Power density (P) in W/kg and energy density (E) in Wh/kg were measured for the whole device using the following equations:

$\begin{array}{cc}P=\frac{E}{t}& \left(7\right)\\ E=\frac{1}{2M}C_{\left(\mathrm{device}\right)}\times V^2& \left(8\right)\end{array}$

where t is the discharge time of the stacked device, V is the operating potential window for the discharge curve subtracted from V_drop, and M is the total mass of the active material of the two electrodes in grams, while C_s(device) is the gravimetric capacitance of the device obtained from Equation 2.

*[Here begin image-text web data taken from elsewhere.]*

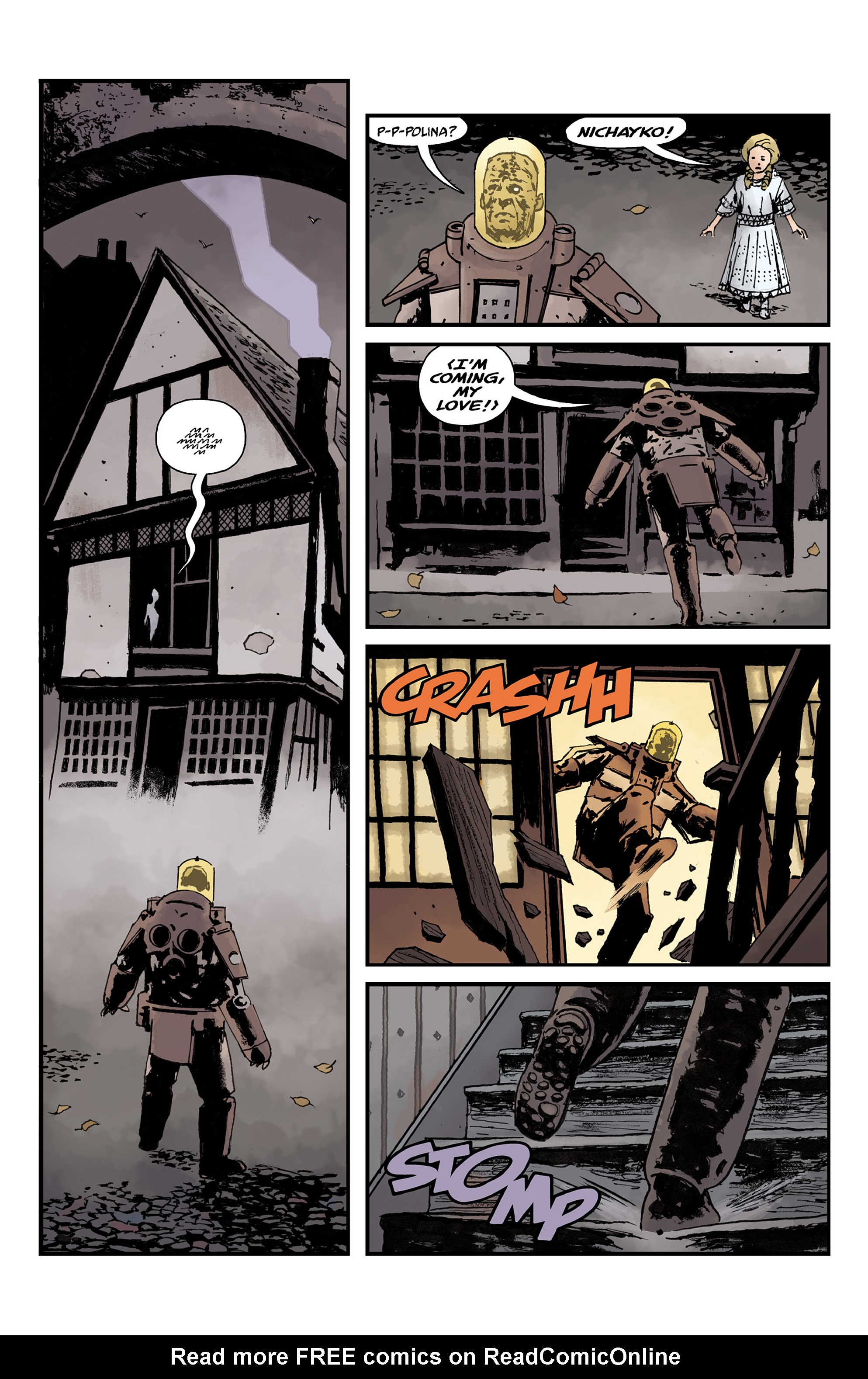 Read online B.P.R.D. Hell on Earth comic -  Issue #144 - 7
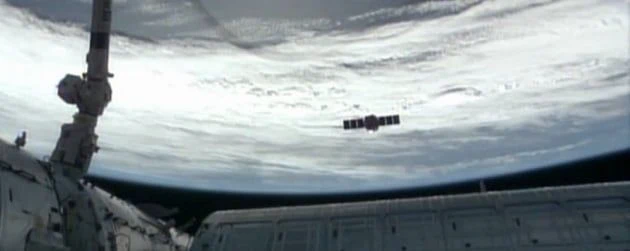 Cygnus ends successful mission with destructive farewell
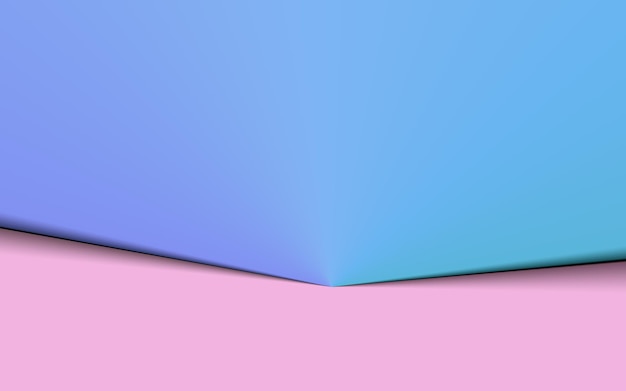Abstrakter Hintergrund der netten blauen rosa Pastellpapierkarte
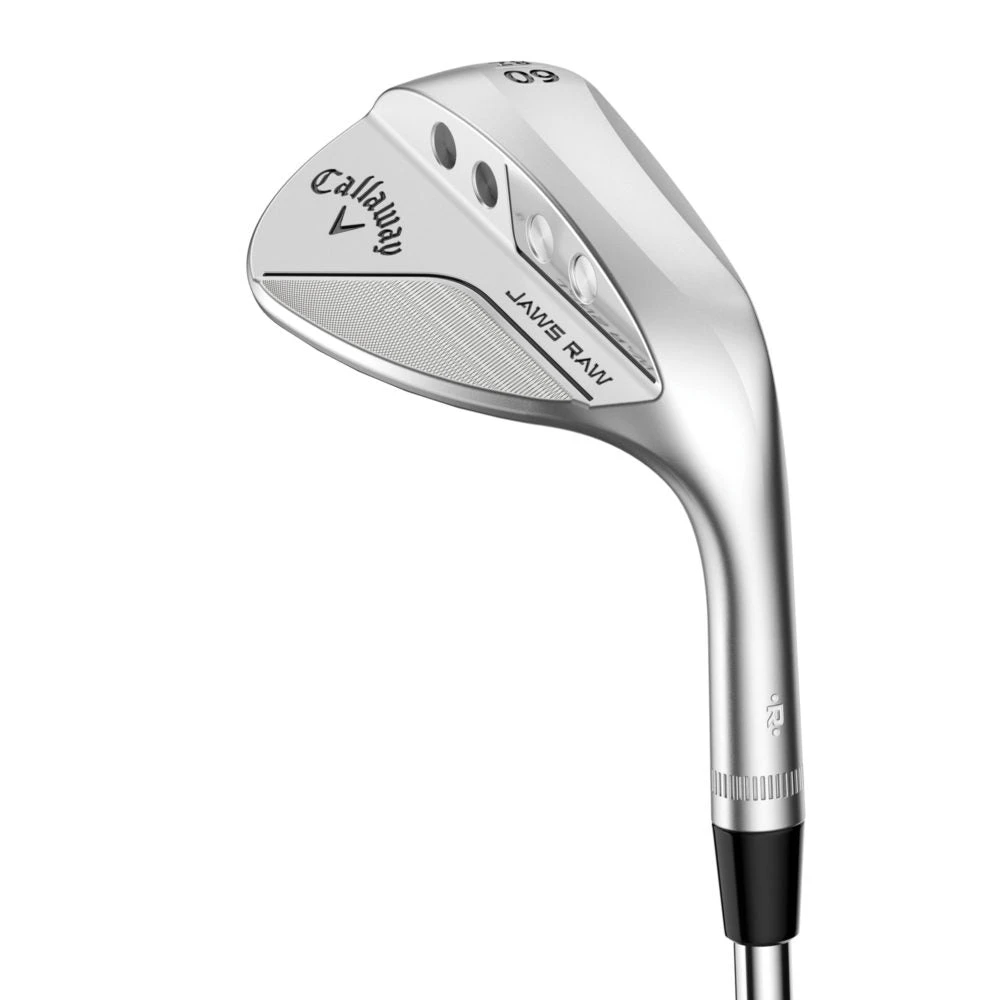 Callaway JAWS Raw Face Chrome 22 Golf Wedge | Steel 1 Callaway JAWS Raw Face Chrome 22 Golf Wedge | Steel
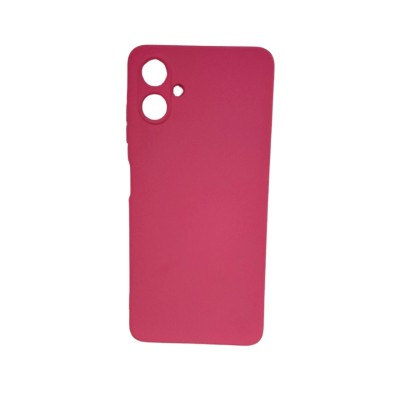 Silikonska maska Samsung A06 Pink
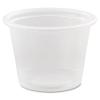 Dart Conex Complements Clear Portion/Medicine Cups, 1 oz.- 2500 pcs view 1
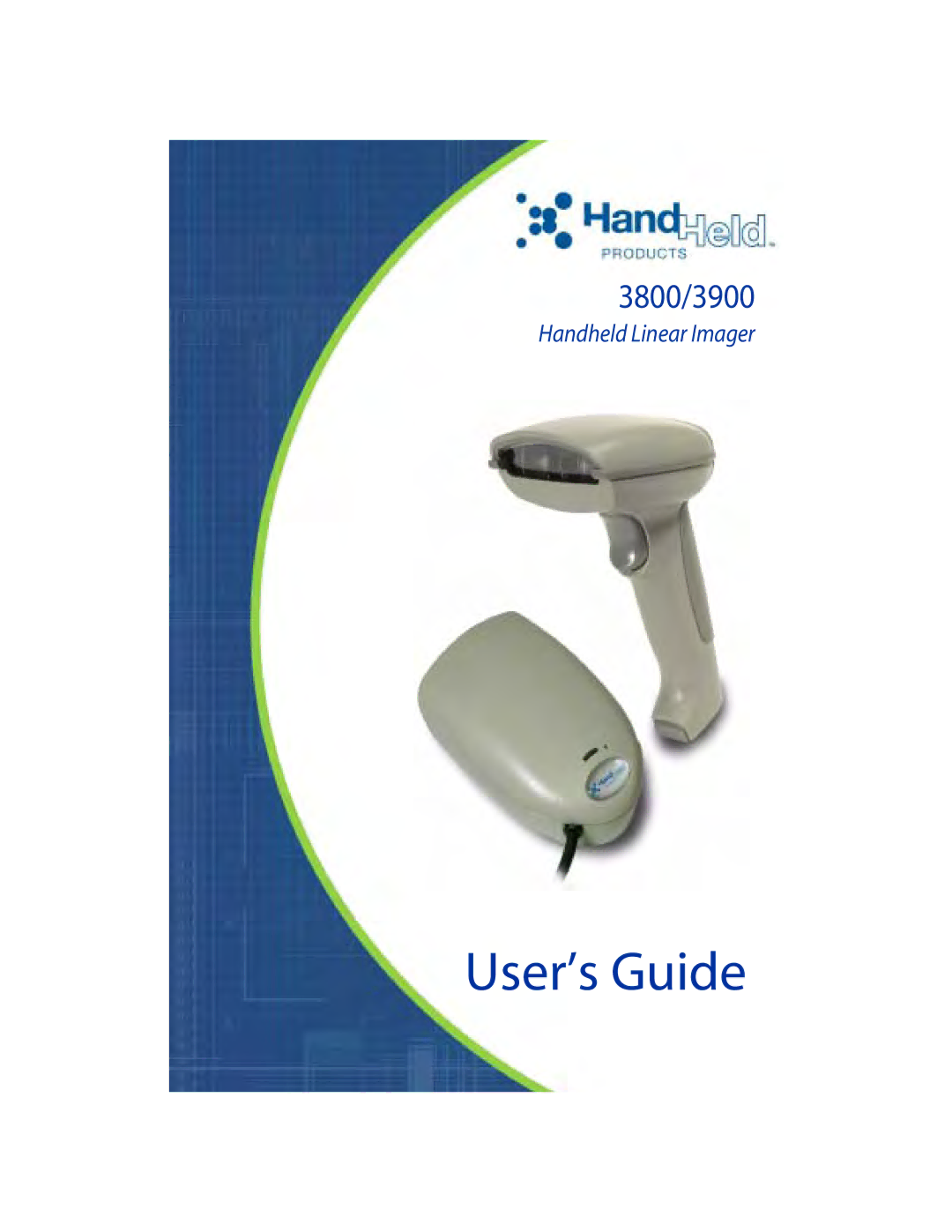 Hand Held Products 3800, 3900 manual User’s Guide 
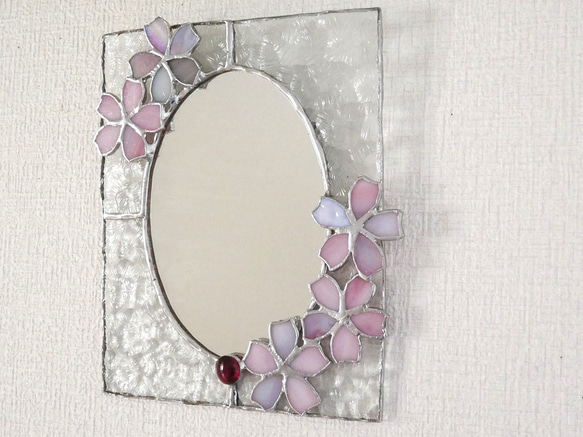 ✴︎:.｡.桜の化粧鏡♪　 10枚目の画像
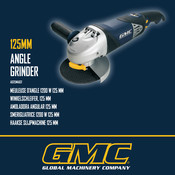GMC AG125MAGCF Bedienungsanleitung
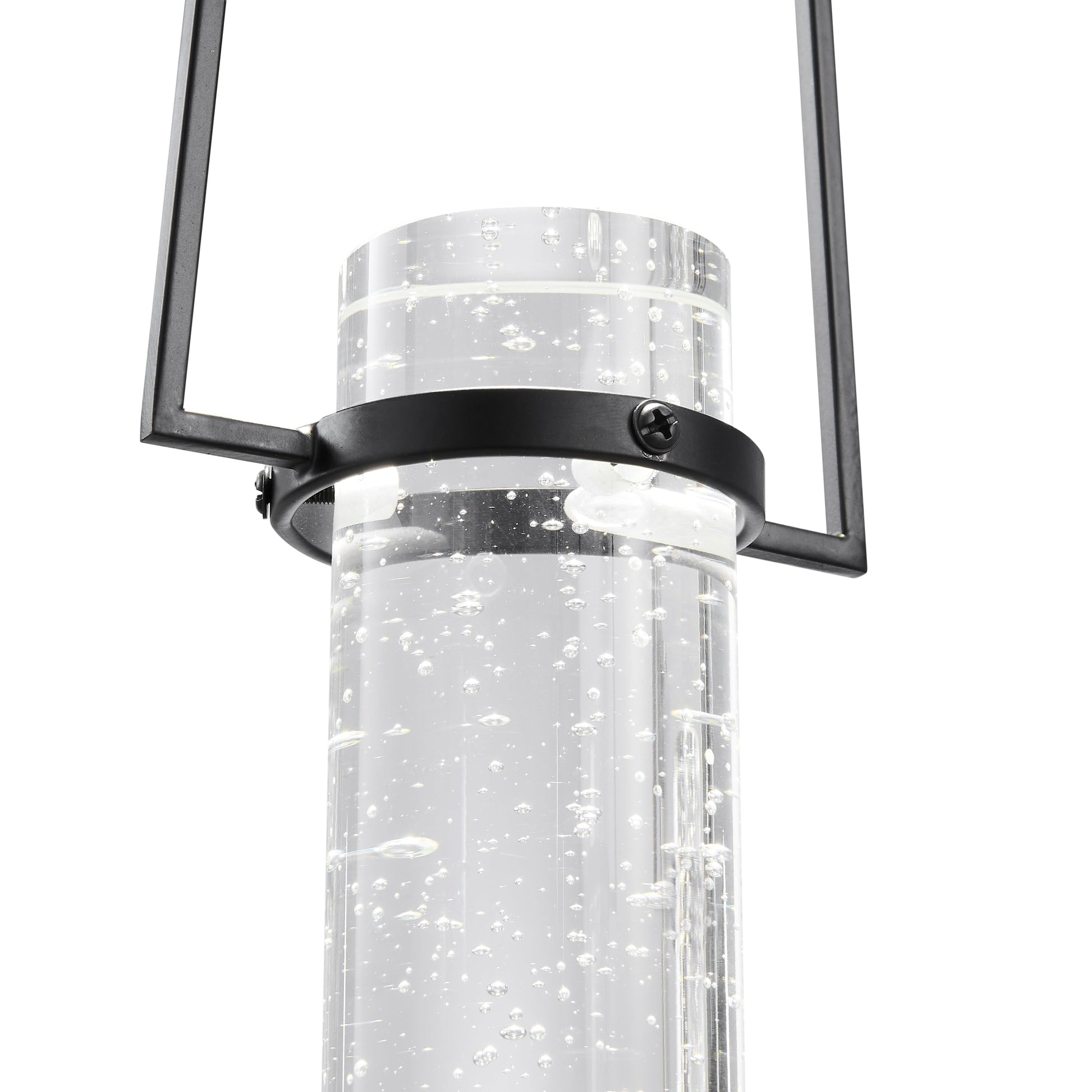 Harmony 3 Light Chandelier // Matte Black - Disselt Designs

The device capacitance was calculated from cyclic voltammograms using the following integral relation:

$\begin{array}{cc}{C}_{\mathrm{device}}=\frac{{\int }_{V_1}^{V_n}i\left(V_2-V_1\right)}{\upsilon \times \Delta E}& \left(9\right)\end{array}$

where i, V₁, V₂, υ, and ΔE are the measured current, the starting voltage, the ending voltage, the scan rate, and the operating potential window, respectively.

Quartz Crystal Microbalance (QCM) Measurements

Gold resonators (0.16 cm²) were used in the experiments. Mass/area was calculated from the frequency shift (ΔF) according to the following equation (see Y. Lvov, K. Ariga, I. Ichinose, T. Kunitake, Journal of the American Chemical Society 1995, 117, 6117-6123, herein incorporated by reference in its entirety):

M/A(g/cm²)=−ΔF_(Hz)×1.832×10⁸  (10)

Nominal film thickness (d) was calculated from ΔF due to adsorption of the film on one side of the gold resonator, as shown by the following equation:

d(nm)=−2(0.016)ΔF(Hz)  (11)

Nominal film thickness of 3 layers of brGO alternated with two layers of Mb was 32 nm, as measured by QCM. The film thickness according to the above equation was confirmed previously by high-resolution electron microscopy. See M. J. Novak, A. Pattammattel, B. Koshmerl, M. Puglia, C. Williams, C. V. Kumar, ACS Catalysis 2016, 6, 339-347, herein incorporated by reference in its entirety. The film thickness was averaged with findings from focused ion beam SEM (FIG. 8).

Additional Components

Although certain exemplary embodiments of the disclosed invention are described herein, additional suitable components of the invention are also contemplated.

The current collector may comprise, consist essentially of, or consist of a thin foil of gold, silver, aluminum, platinum, alloys thereof, and/or combinations thereof.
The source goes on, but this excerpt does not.